This sort of thing is actually not that uncommon. They could have gotten your CC number from any number of places. Mine was probably stolen from my bank, or from the Visa Corporation itself. They had sent me a notice about six months ago that my card was one of thousands that may have been compromised, but I didn't change it then because I've had it for a dozen years and know the 16-digit number by heart.

In fact, I got my monthly statement yesterday in the mail and noticed two other charges that I will have to call and have removed tomorrow. The interesting part is that one of them was posted two days after the hold was placed on the card.

Stuff happens.
 

Mother in Law had her card used to make purchases a few years back.

She found out through her card where the purchases were made and she called company- they would not tell her anything about the purchase, so she called back and informed them that the purchase had not arrived and wanted the shipping address (after she varified who she was with them). They told her the address.

Interestingly she knew those involved.

Might be worth it to see if you can locate who made the purchases, and give them a call.

Best of luck. :)
 


How much it gets used might not matter. A surprising amount of the time, these things are stolen by hacking the databases of banks which sponsor them. As you can probably understand, the banks don't publicize this very much.
 

Some time ago, a third party exposed a whole mess of Bank of America card numbers. They notified me of the exposure.
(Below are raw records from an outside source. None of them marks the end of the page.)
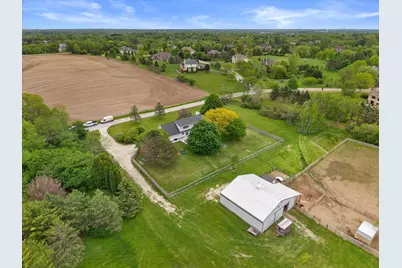 12205 N Vega Ave, Mequon, WI 53097 - Photo 8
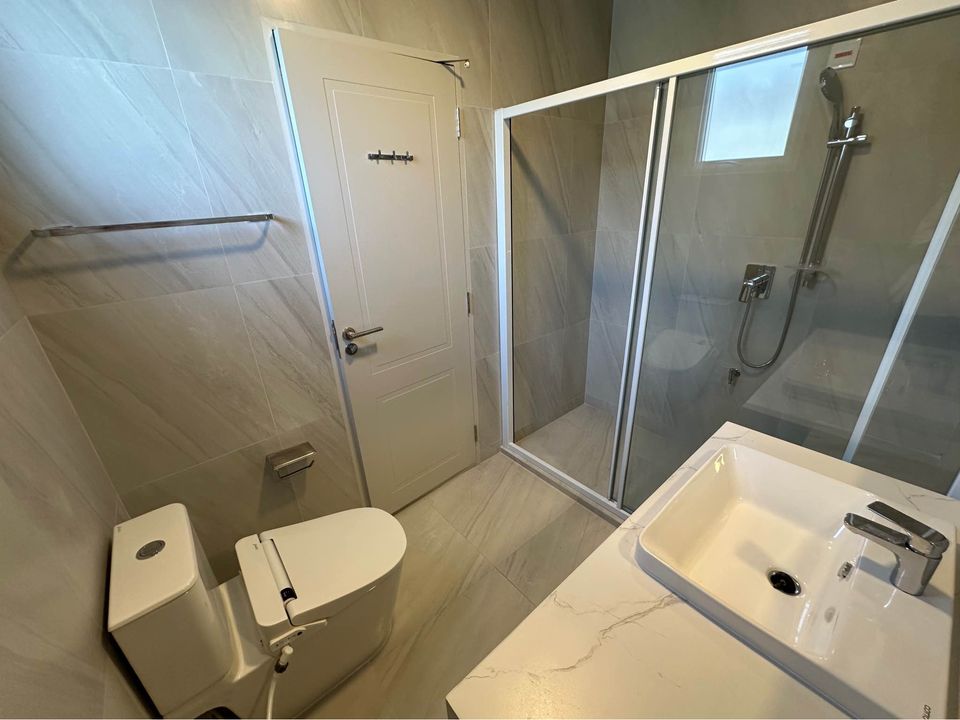 ให้เช่าบ้านบางนา แบริ่ง ลาซาล : ให้เช่า Villaggio 3 ศรีนครินทร์-บางนา 4 ห้องนอน 5 ห้องน้ำ (เจ้าของปล่อยเอง) บ้านใหม่ทำเลดี ติดคลับเฮาส์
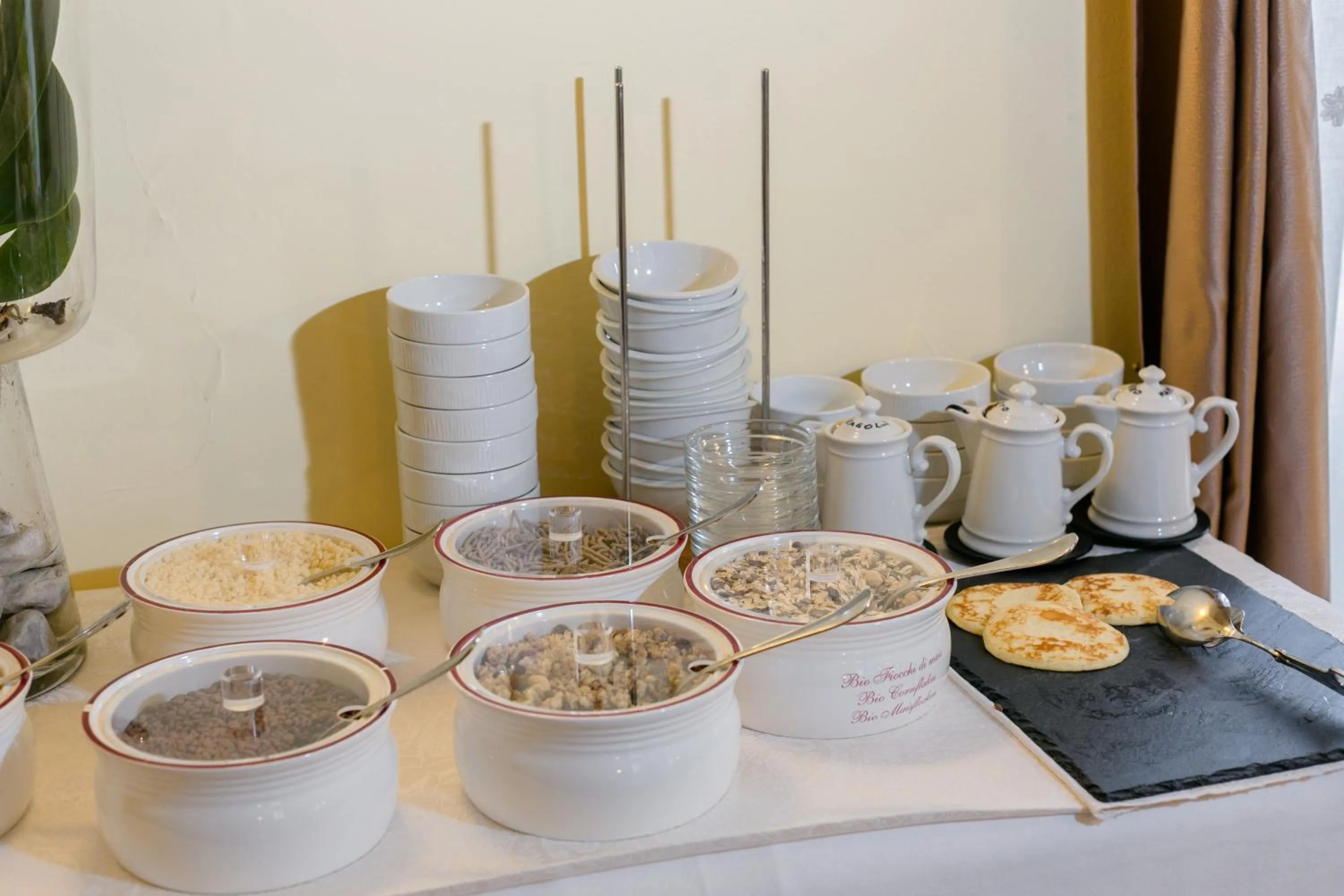 Continental breakfast in Hotel Pace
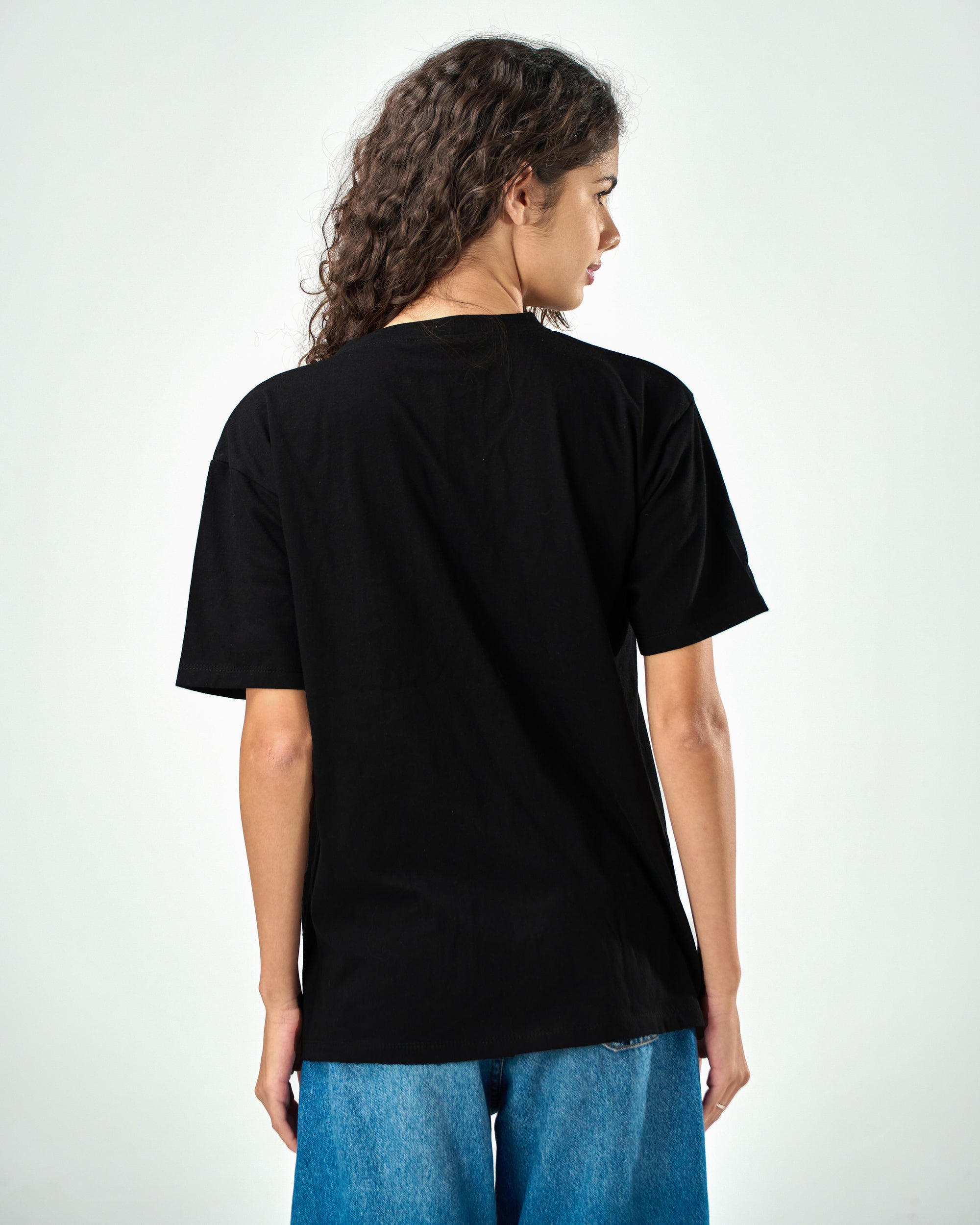 Unisex Regular Fit T-Shirt In Black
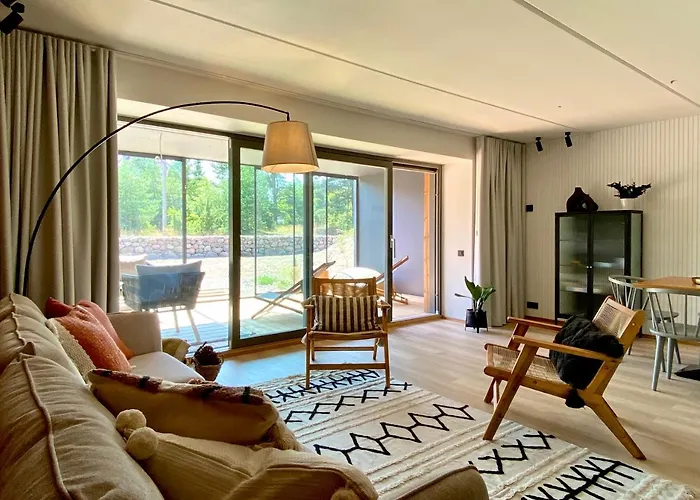 Soerwespa Nature * Salme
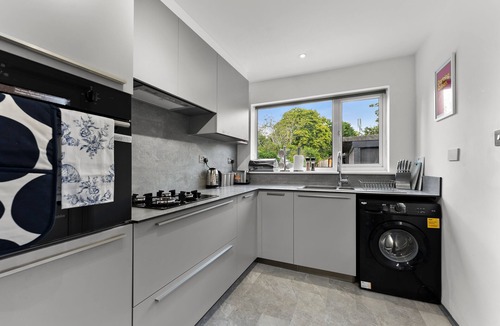 Cambridge House | Spacious 4-Bedroom Family Retreat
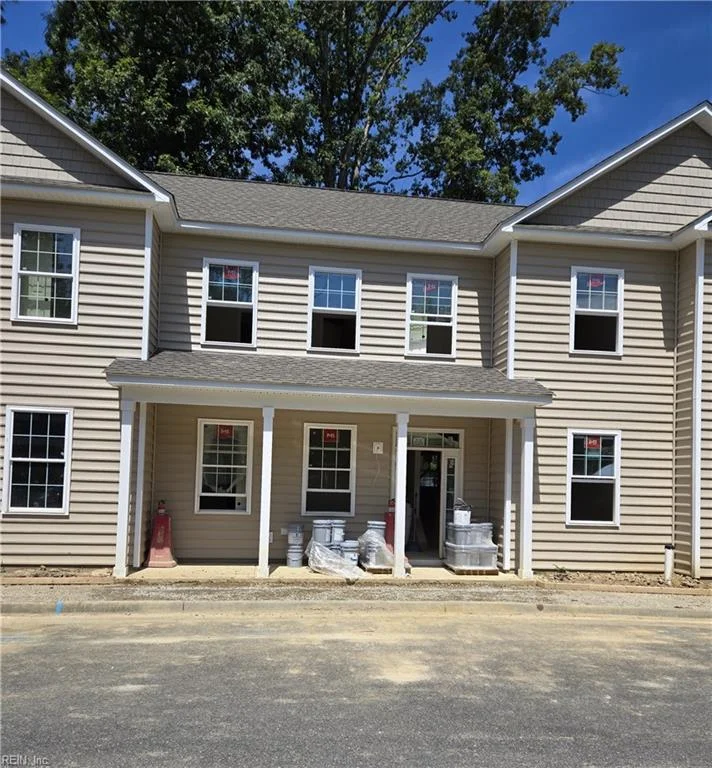 203 Patriots Village Court, West Point, VA, 23181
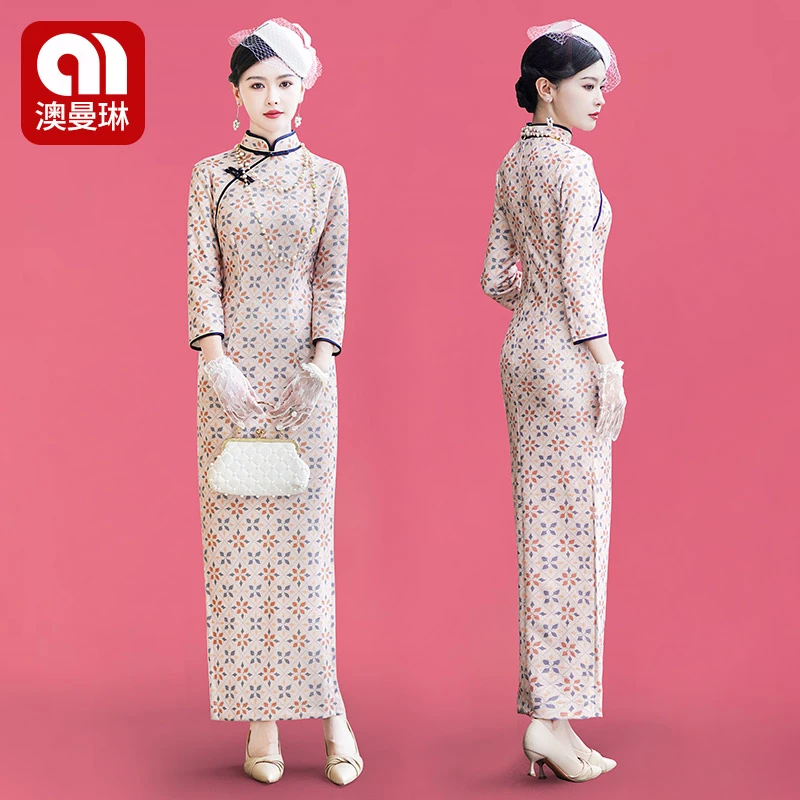 澳曼琳2025新款修身显瘦舞台高端演出服改良版大码走秀旗袍女长款
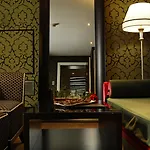 水皇宫酒店 4*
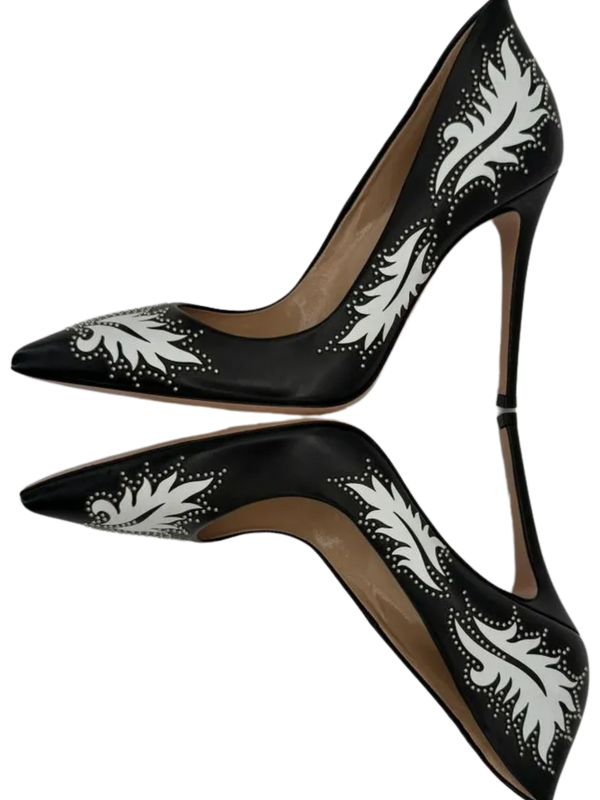 Gianvito Rossi Santa Fe Studded Pumps in Black Leather *NEW*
I never saw any odd purchases on my card, but a couple of weeks ago, they replaced my card anyway, with a new number, as a precaution.

You may be one of the unlucky folks whose numbers got exposed and used...
 

I had the same thing happen to me a few weeks back - 5k of air travel tickets to spain or something. The girl at Visa was really, nice - made me sign a fraud form, and got me a new card.
 

My brother had a problem with this last year. His card was one of the lot of card numbers that were stolen last summer. The issuing bank canceled the card and sent a new one. He even called and confirmed the cancellation.

2-3 months later, he was shopping with his new card, but it was declined at checkout. On calling the bank, he found out that someone had used his OLD card number (the one cancelled several months earlier) to purchase things online. There was no way the card should have worked. Even the bank was baffled, but still, they had to "honor" the charges.

It took him a month and a half to finally get the charges taken off. Suffice it to say that he no longer does business with that bank.